Dingoes, the legendary Australian wild-dog breed, have long been blamed for the extinction of Tasmanian tiger (or thylacine) and the Tasmanian devil. However, a new study from University of Adelaide says that the aborigines and climate change probably contributed to the death of the animals.

The Tasmanian tiger (Thylacinus cynocephalus) and the devil disappeared from the mainland about 3,000 years ago. Modern scientific literature suggested that the exploding dingo population in the continent killed the other predators.

"Perhaps because the public perception of dingoes as 'sheep-killers' is so firmly entrenched, it has been commonly assumed that dingoes killed off the thylacines and devils on mainland Australia," said Dr Thomas Prowse, one of the researchers.

"There was anecdotal evidence too: both thylacines and devils lasted for over 40,000 years following the arrival of humans in Australia; their mainland extinction about 3000 years ago was just after dingoes were introduced to Australia; and the fact that thylacines and devils persisted on Tasmania, which was never colonised by dingoes," Prowse said.

But, most studies conducted on the extinction of the Tasmanian tiger missed crucial factors- the climate change and increase in the aboriginal population, Prowse added.

The current study was based on mathematical models that recreated environment of the ancient times.
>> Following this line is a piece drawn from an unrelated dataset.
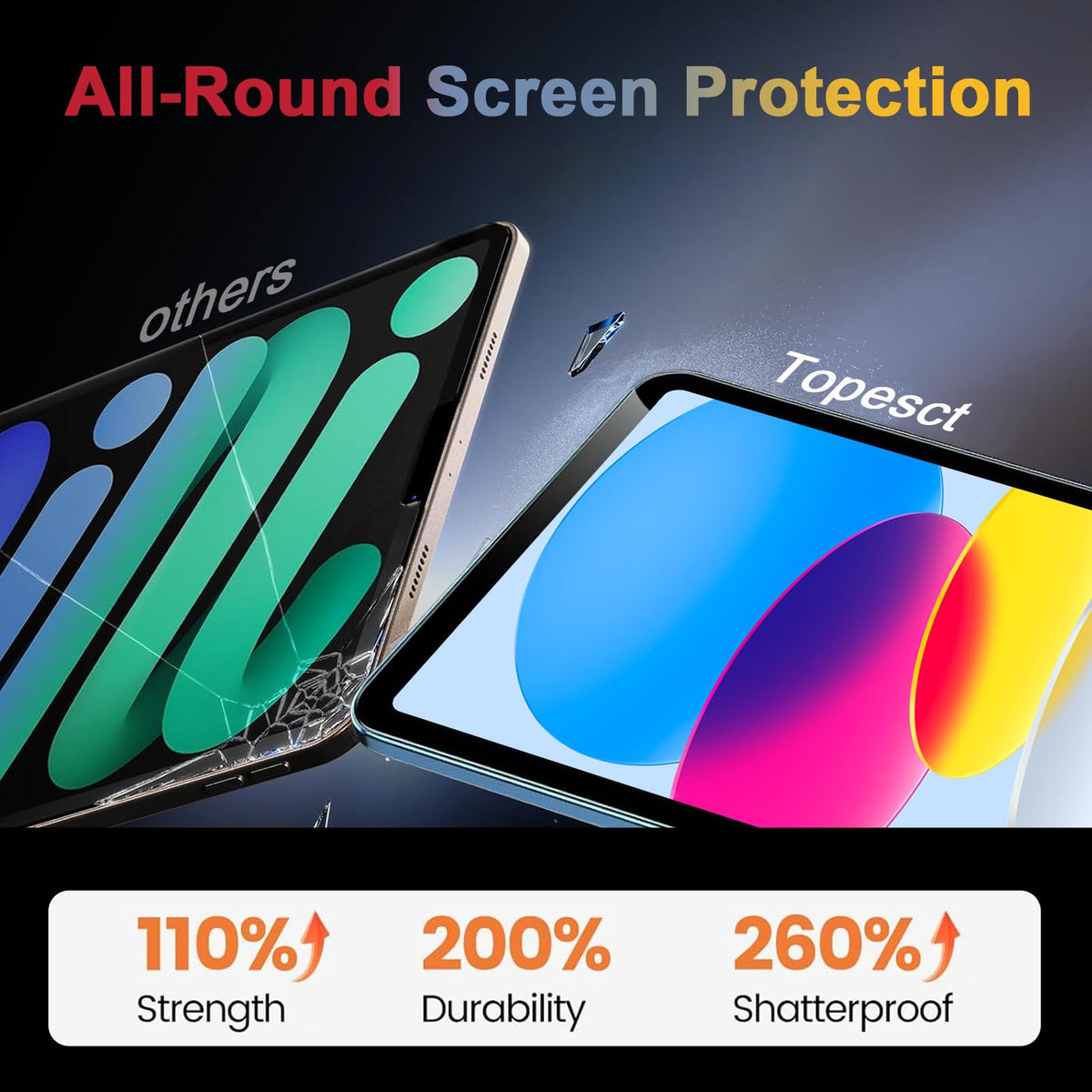 TOPESCT 2-Pack Screen Protector for iPad (A16) 11th/10th Generation (2025/2022,11 inch/10.9 Inch),9H Tempered Glass Film (iPad 11th/10th Generation（2025/2022), 2 Pack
The models generated the interactions between potential cause for the extinctions- climate change, dingo and humans, the viability of tiger and devil population and the effect on herbivorous prey.

The study showed that although the arrival and rise of dingo in Australia had an impact on the population of other predators in the region, it didn't lead to a complete wipe-out of the devil or the tiger.

Researchers argue that both thylacines and the devil population remained in Tasmania because the human density was low in the region and not due to the absence of the dingoes.

The study 'An ecological regime shift resulting from disrupted predator-prey interactions in Holocene Australia' is published in the journal Ecology.